Stored data —

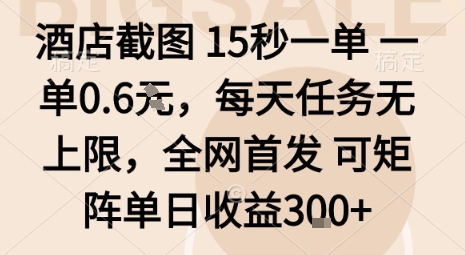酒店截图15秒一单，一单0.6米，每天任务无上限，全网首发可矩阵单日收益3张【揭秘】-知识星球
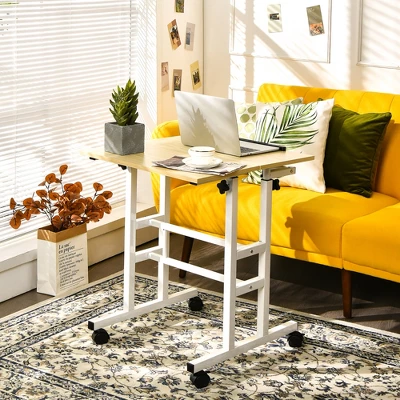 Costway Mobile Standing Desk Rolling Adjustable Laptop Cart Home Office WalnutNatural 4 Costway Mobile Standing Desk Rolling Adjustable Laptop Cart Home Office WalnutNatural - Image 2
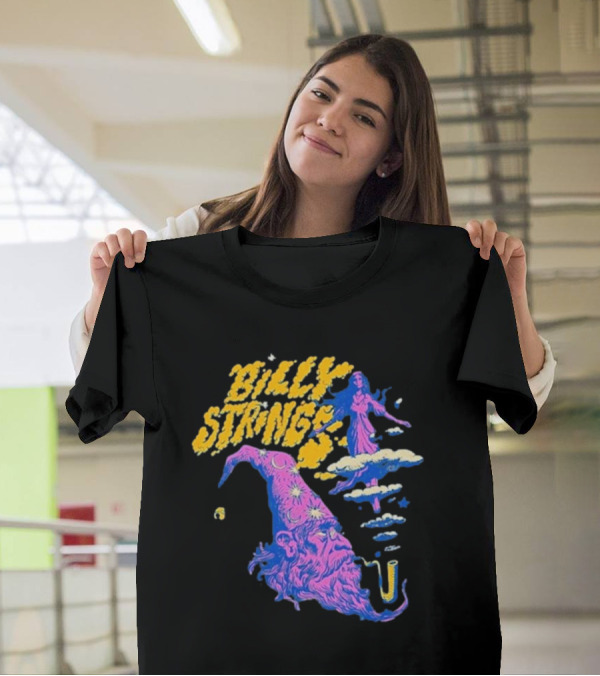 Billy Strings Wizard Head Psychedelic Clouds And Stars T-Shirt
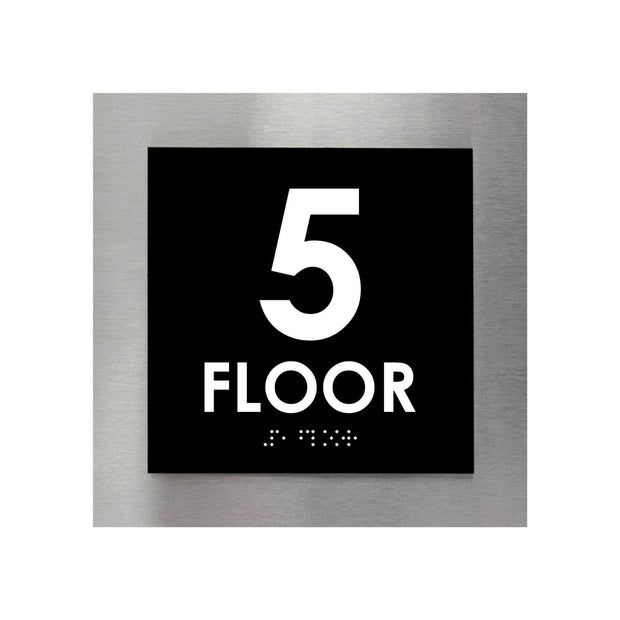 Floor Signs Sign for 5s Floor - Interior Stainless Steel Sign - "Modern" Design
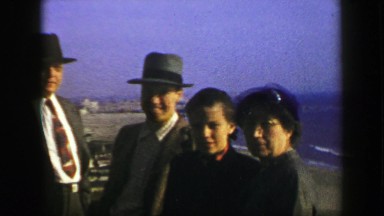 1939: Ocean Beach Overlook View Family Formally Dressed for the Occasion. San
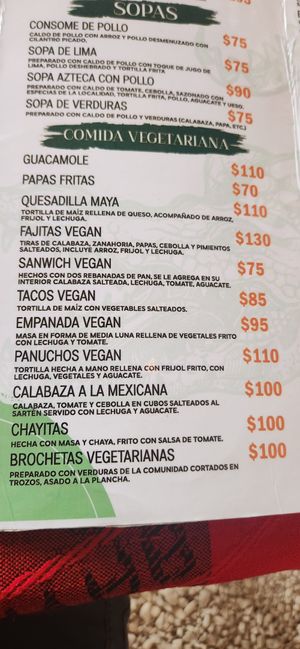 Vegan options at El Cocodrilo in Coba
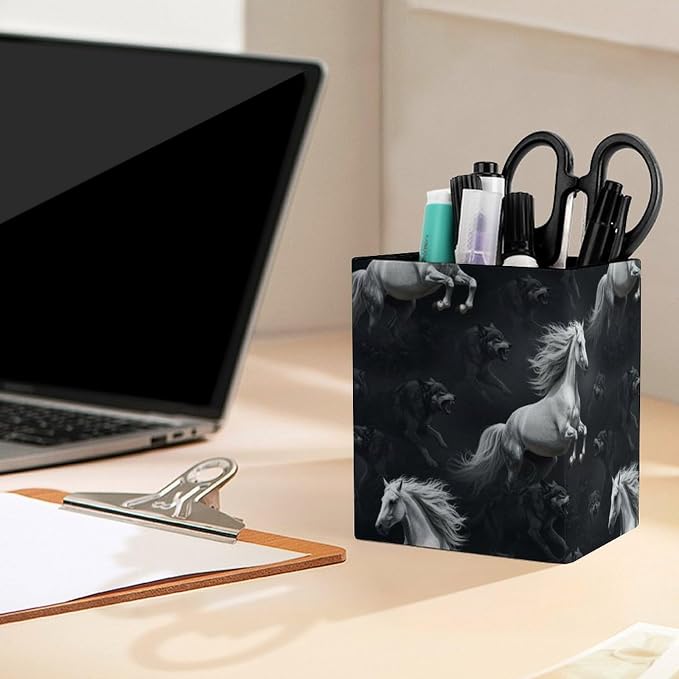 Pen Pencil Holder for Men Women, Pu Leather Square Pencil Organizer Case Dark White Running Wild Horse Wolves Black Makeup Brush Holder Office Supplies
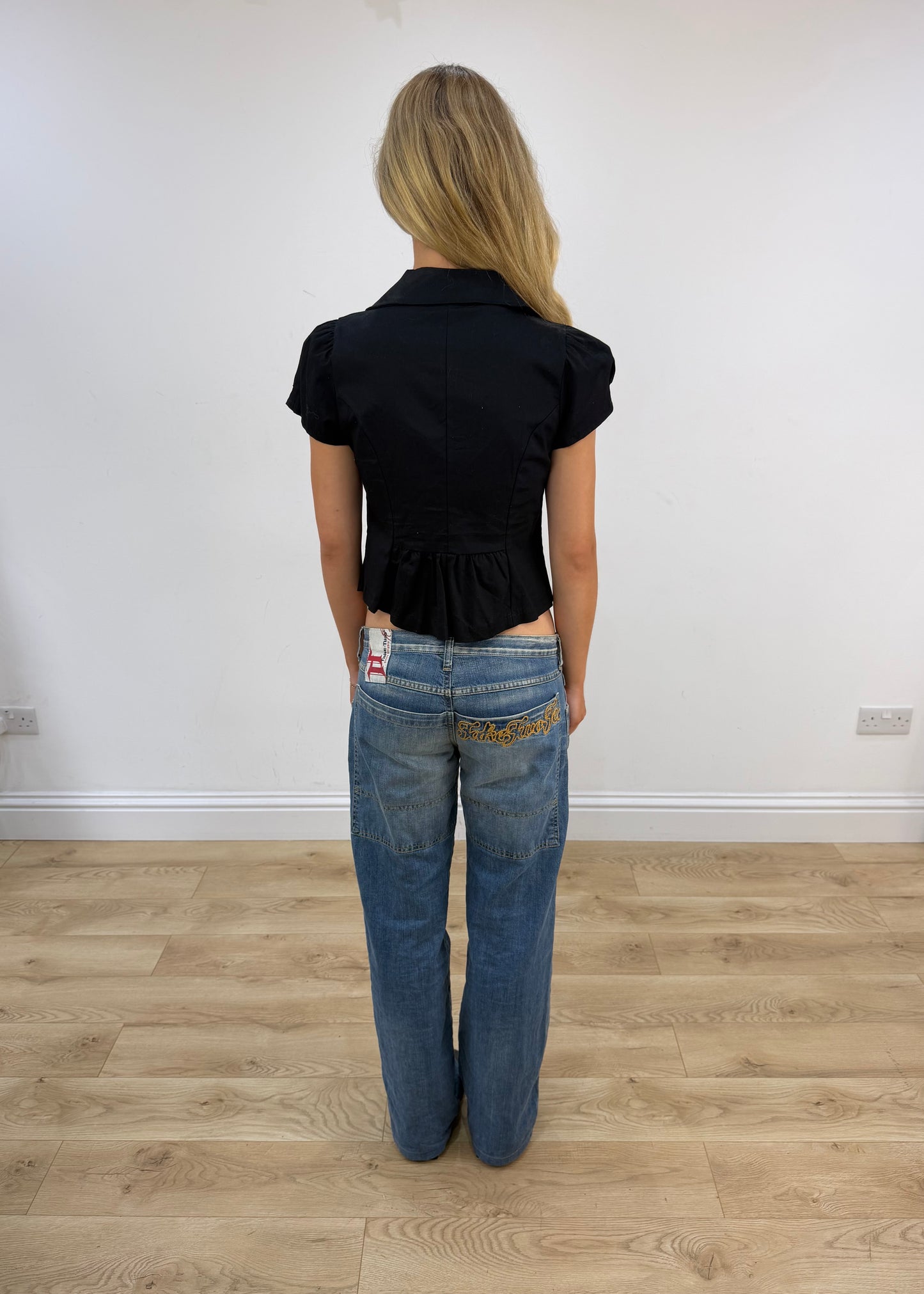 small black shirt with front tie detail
==
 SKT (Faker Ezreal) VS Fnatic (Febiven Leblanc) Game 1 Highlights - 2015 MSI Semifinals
==
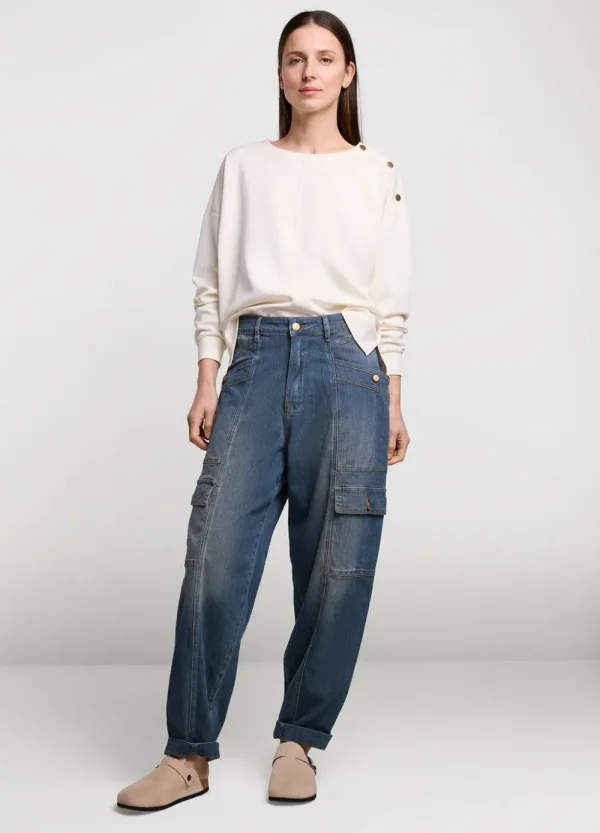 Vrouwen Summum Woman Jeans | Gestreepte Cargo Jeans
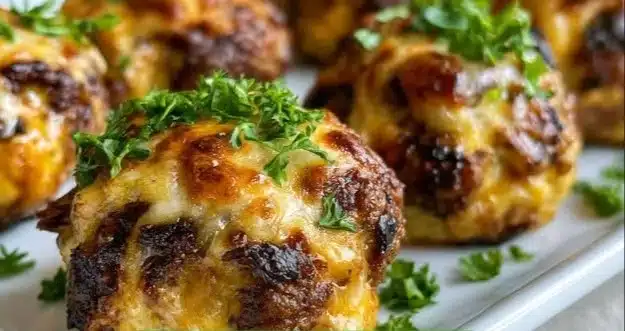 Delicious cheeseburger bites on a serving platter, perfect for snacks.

Work to be completed — Of the lines above, quote exactly those from the one with "Pen Pencil Holder" through the one with "small black shirt with front tie detail", ends included; pictures stay out.

Exercise answer —
 Pen Pencil Holder for Men Women, Pu Leather Square Pencil Organizer Case Dark White Running Wild Horse Wolves Black Makeup Brush Holder Office Supplies
 small black shirt with front tie detail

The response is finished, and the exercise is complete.